Goat Island Residents Not Sheepish About Protecting Their Land From Development

Unique partnership keeps condos off a pristine South Carolina island.

Viewed from the posh stucco homes on the shoreline northeast of Charleston, S.C., Goat Island doesn't look like much - a mere a tangle of treetops and marsh grass.

Close up, however, it becomes an almost magical place of giant fern forests and beckoning oak groves. Rare wood storks fly overhead. Its only "road" is a winding footpath covered over in places with head-high weeds.

It even has a strange, haunting history: A man brought his mentally ailing wife to the island and together they raised goats, never venturing from their aboriginal world.

But if Goat Island has a flaw, it would be its place in the world. Only a three-mile boat ride separates the island from civilization.

Following hurricane Hugo in 1989, the Charleston area experienced a growth spurt that threatened to include the isle. The five families who live here year-round (plus 60 other vacation residents) worried that the backside of their island would be purchased and condominiums would rise where towering palms now stand.

"There were all kinds of things that could have been done with the property," says Joe Tucker, a longtime vacation homeowner. "But it's the seclusion, that's what interested me."

To save their slice of paradise, Goat Islanders turned to a rare variation on an increasingly popular conservation plan: easements.

A conservation easement is an agreement usually signed by a land owner with a municipality or a nonprofit land-trust organization, in which the owner promises not to develop specified property. The land must have some kind of scenic or environmental benefit to the community. In exchange, the land owner receives a tax break.

The twist in Goat Island's case is that there will be some 60 land owners - not one - who've promised to keep their piece of land in the same, natural state it was when they bought it. The plan specifies that everyone who owns a home or piece of property on the south side of the island is entitled to the adjacent property on the uninhabited north side. Owners pay an average of $350 for each lot - basically to cover the costs of surveying the property.
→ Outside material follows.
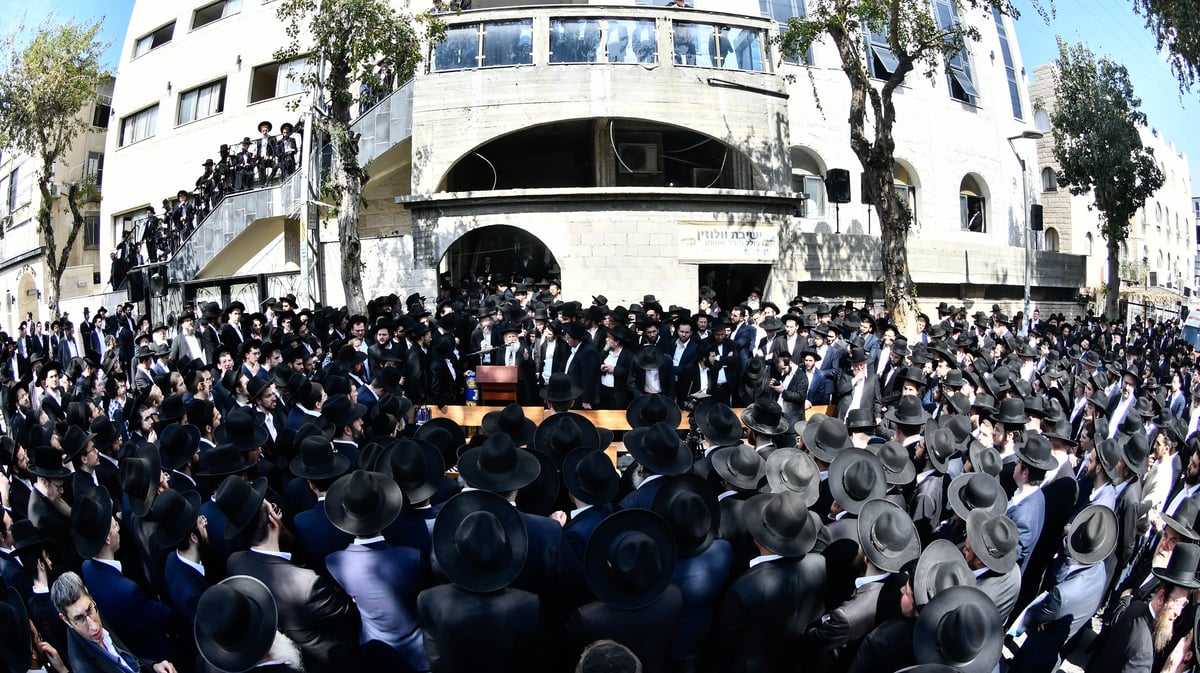 מסע הלוויית הגאון רבי זאב ברלין זצ"ל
Goat Island residents have embraced the plan - all but three lots have been sold - since it was hatched three years ago by Mr. Tucker, an architect. In exchange for permission to buy a piece of land on the island for a new vacation home, Tucker set up the easement plan.

Land conservationists say the Goat Island arrangement is a sign of the times. To battle unchecked sprawl, communities from Portland, Ore., to Poughkeepsie, N.Y., are taking similar steps to preserve their open spaces.

"There are two key forces pushing this," says Andy Zepp at the Land Trust Alliance in Washington, D.C. "The continued development around the country ... and at the same time a growing awareness of conservation easements as a useful tool."

The early conservationists - such as the wealthy who wanted to preserve a family estate and, more recently, the farmer signing on to an easement to cut taxes on his farmland - are now being joined by neighborhood and community groups that form to arrange easements or buy up green spaces, experts say.

Other examples include neighbors in Great Falls, Md., who are crusading to keep an old family farm from being sold to developers. The Village of Plainsfield, Ill., south of Chicago, formed a fund-raising group to help their county buy land for nature trails instead of condominiums.

The Tucker family admits that selfishness on their part is at least partly what motivated them to preserve the island. But they also insist a greater good is being served. "There are not many more places like this anymore, that haven't been all built up," says Sally Tucker, Joe's wife. "This is a place for dreaming. It's like our little paradise."